2.2 [***]. Effective as of the Effective Date and thereafter throughout the Term, DISH may enter into one or more agreements with third parties that allow [***]. Subject to the limitations set forth in this Section 2.2 and the restrictions in the Transition Services Agreement, DISH will have the right to offer differentiated pricing, products and services (including post-paid services) and features under such brands as it may elect in conjunction with the Service.  This Agreement is not exclusive for T-Mobile, and T-Mobile may engage other dealers, agents, and other Representatives and T-Mobile and others may directly compete with DISH in the Territory and elsewhere.    
2.3 DISH’s Sale of Service.  
(a) Distribution Partners.  DISH may, in the ordinary course of its business and subject to Section 2.4, use agents, retailers, distributors and dealers to directly or indirectly market, sell and solicit orders for the Service under brands owned by DISH or its wholly owned affiliates to End Users, provided that the End Users’ Service contract and relationship is with DISH or its wholly owned affiliates (“Distribution Partners”).  DISH is fully responsible for all acts and omissions of its Distribution Partners and will require that Distribution Partners adhere to all terms and conditions of this Agreement.  Acts or omissions of any Distribution Partner will be deemed acts or omissions of DISH for purposes of determining whether there has been a breach of this Agreement.
(b) Personnel.  DISH is fully responsible for all acts and omissions of its employees and contractors (collectively, “Personnel”) and will require that Personnel adhere to all terms and conditions of this Agreement.  Any breach by any Personnel (acting in their capacity as such) of the terms of this Agreement applicable to DISH including its Personnel (in their capacity as such) will be considered a breach by DISH.

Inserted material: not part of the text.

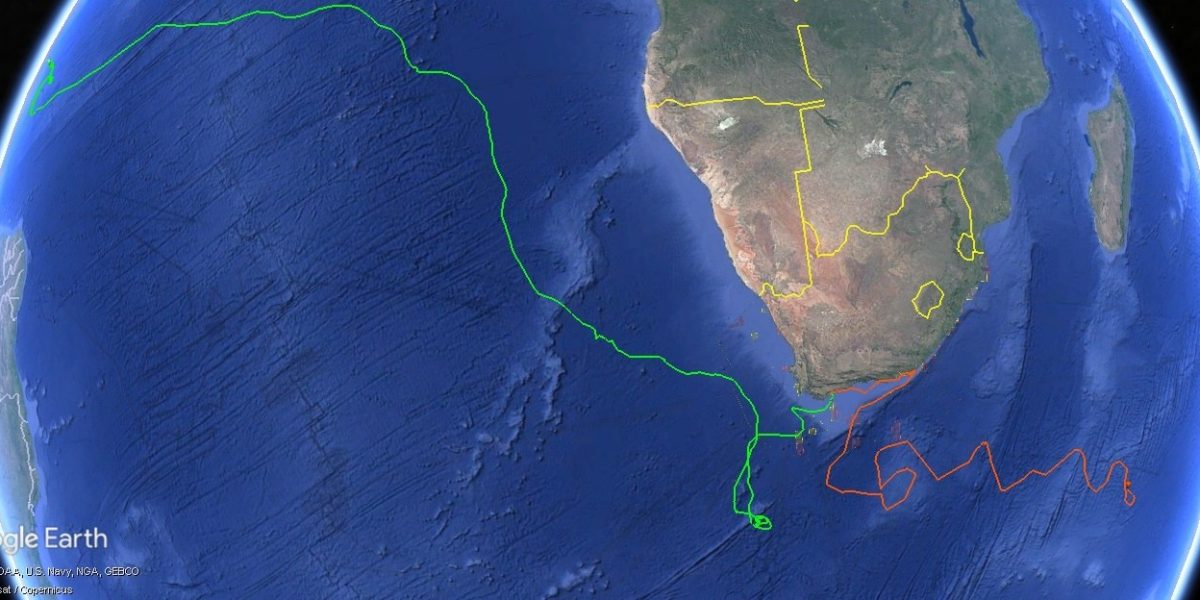 A satellite map of southern Africa and the surrounding oceans with two plotted tracks: a green line running from the southern Cape far up the Atlantic toward West Africa, and an orange line looping east from the Cape across the southwestern Indian Ocean.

2.4 Branding and Resale Restriction.  DISH and its wholly owned affiliates may sell or distribute the Service, and will allow Distribution Partners to sell or distribute the Service (as further described in Section 2.3), [***]. DISH and its wholly owned affiliates may sell or distribute the Service in a bundle with any other party’s service so long as [***]. DISH will make all pricing decisions, control End User Personal Data, and control all billing processes [***]; provided that such services may be provided in part or whole by T-Mobile under the direction of DISH pursuant to the Transition Services Agreement. Subject to the rights expressly granted in the previous sentence, DISH and its Distribution Partners may not wholesale, sub-distribute or resell the Service or any component thereof to [***].  Without limiting the foregoing, DISH may not sell or provide access to the Service to any Person for the purpose of that Person re-selling or using the Service under such Person’s own brand or pursuant to a Service contract between the end user and any Person other than DISH.  DISH and its Distribution Partners may not sell or distribute the Service to End Users for an End User’s resale or further commercial distribution of the Service. Notwithstanding anything to the contrary set forth herein, in no event shall [***].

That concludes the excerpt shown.